__Requirement__
Below are the entries to work from; restate word for word the portion that opens with the line containing "6FT Garland Clear" and closes with the line containing "Vintage brass petrol", keeping both.

__Study material__
• • • • • • •
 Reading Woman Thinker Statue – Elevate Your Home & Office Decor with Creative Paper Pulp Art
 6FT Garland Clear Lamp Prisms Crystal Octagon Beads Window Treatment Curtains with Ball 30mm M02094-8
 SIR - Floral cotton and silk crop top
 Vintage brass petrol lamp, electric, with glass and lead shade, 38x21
• • • • • • •
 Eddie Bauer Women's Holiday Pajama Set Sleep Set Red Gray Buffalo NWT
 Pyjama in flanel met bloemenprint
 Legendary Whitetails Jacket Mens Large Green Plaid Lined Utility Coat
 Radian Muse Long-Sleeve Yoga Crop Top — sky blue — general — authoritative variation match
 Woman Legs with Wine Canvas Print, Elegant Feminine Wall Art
• • • • • • •
__Solution for this problem__
 6FT Garland Clear Lamp Prisms Crystal Octagon Beads Window Treatment Curtains with Ball 30mm M02094-8
 SIR - Floral cotton and silk crop top
 Vintage brass petrol lamp, electric, with glass and lead shade, 38x21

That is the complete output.